◆ Work order:
Within the lines below, the span from the line with "Colored Green Grey" to the line with "Autumn in North", both ends included, is to be reproduced exactly, with pictures omitted.

◆ Supplied material:
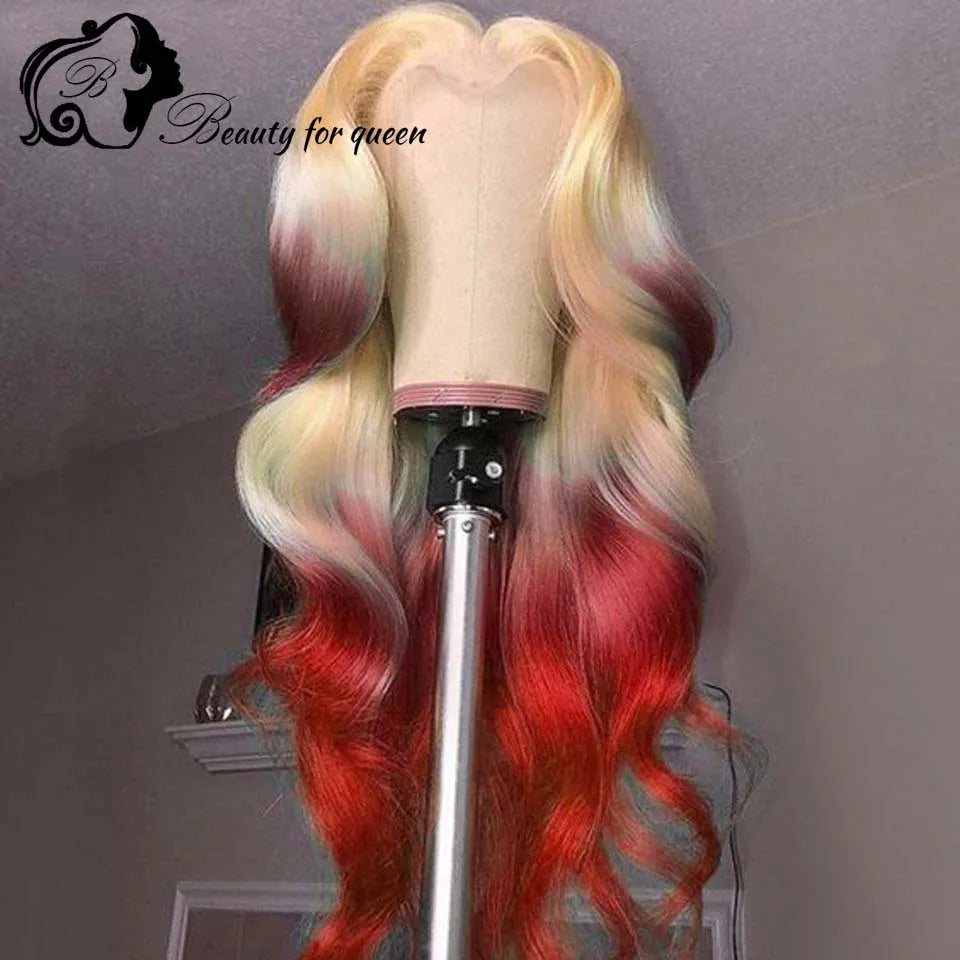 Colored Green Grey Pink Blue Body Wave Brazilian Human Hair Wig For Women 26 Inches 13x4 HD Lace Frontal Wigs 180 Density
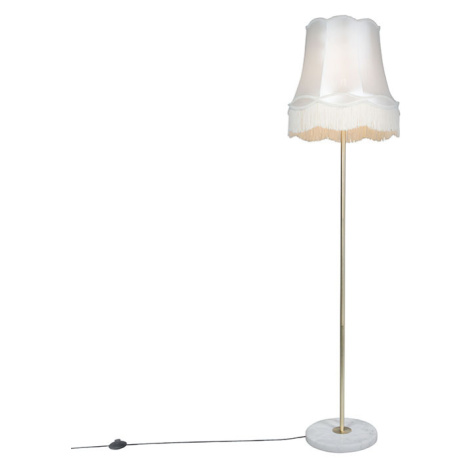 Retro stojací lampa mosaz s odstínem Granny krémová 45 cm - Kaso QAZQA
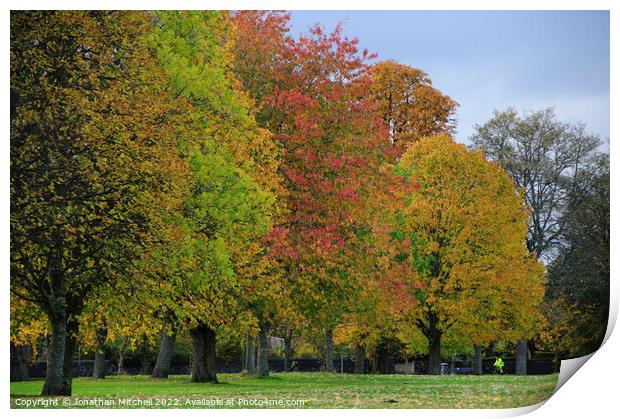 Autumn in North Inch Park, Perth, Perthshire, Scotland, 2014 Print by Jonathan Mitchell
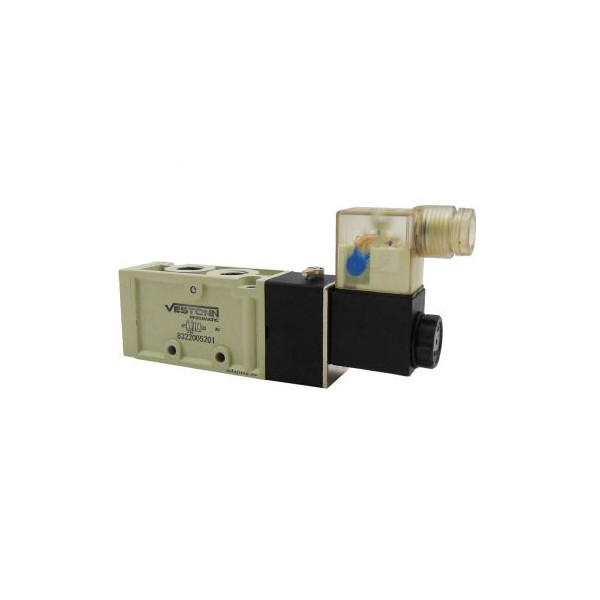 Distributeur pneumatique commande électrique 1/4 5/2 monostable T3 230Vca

...

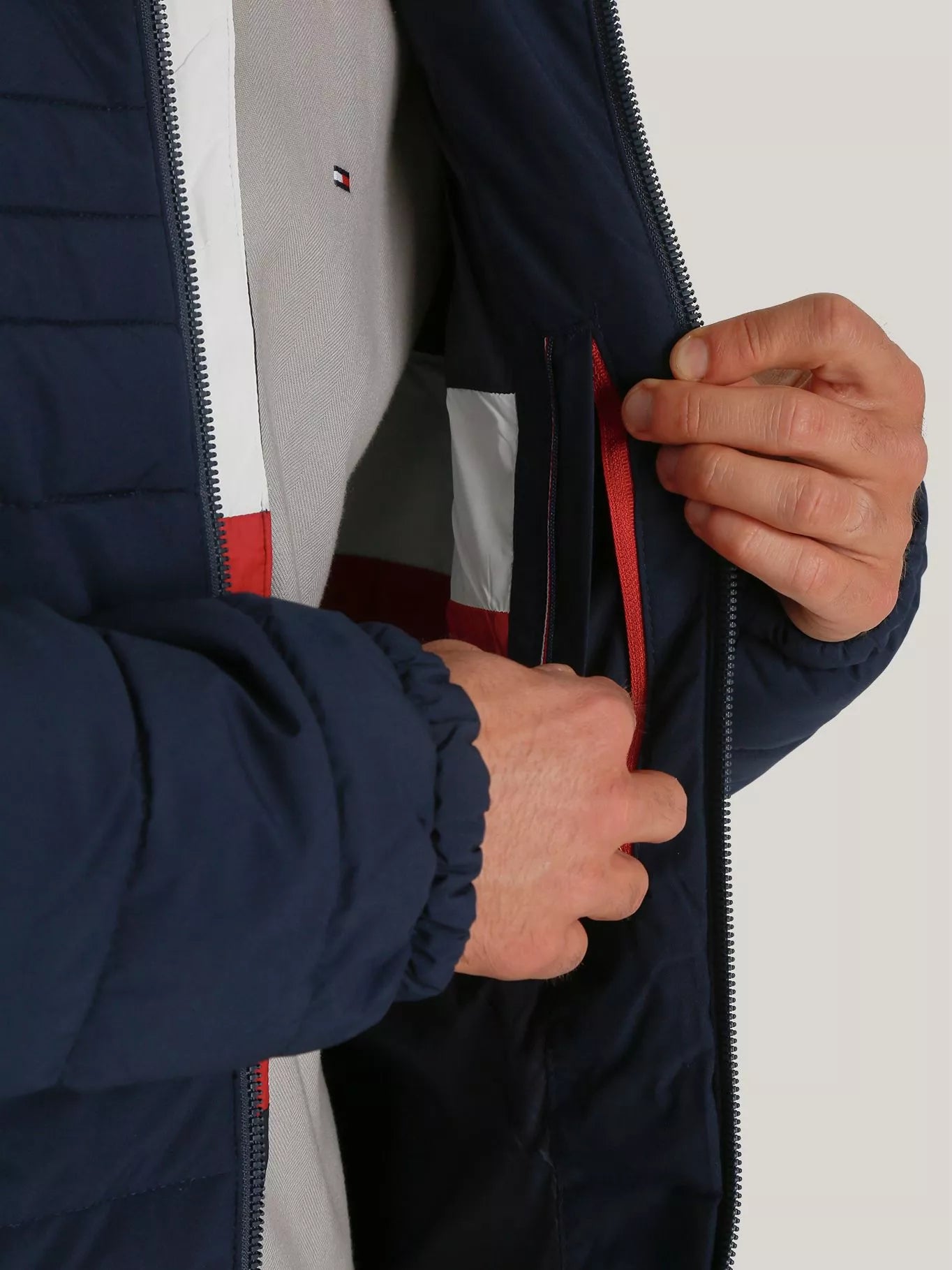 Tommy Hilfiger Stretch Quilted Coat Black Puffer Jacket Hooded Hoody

◆ Answer for this exercise:
 Colored Green Grey Pink Blue Body Wave Brazilian Human Hair Wig For Women 26 Inches 13x4 HD Lace Frontal Wigs 180 Density
 Retro stojací lampa mosaz s odstínem Granny krémová 45 cm - Kaso QAZQA
 Autumn in North Inch Park, Perth, Perthshire, Scotland, 2014 Print by Jonathan Mitchell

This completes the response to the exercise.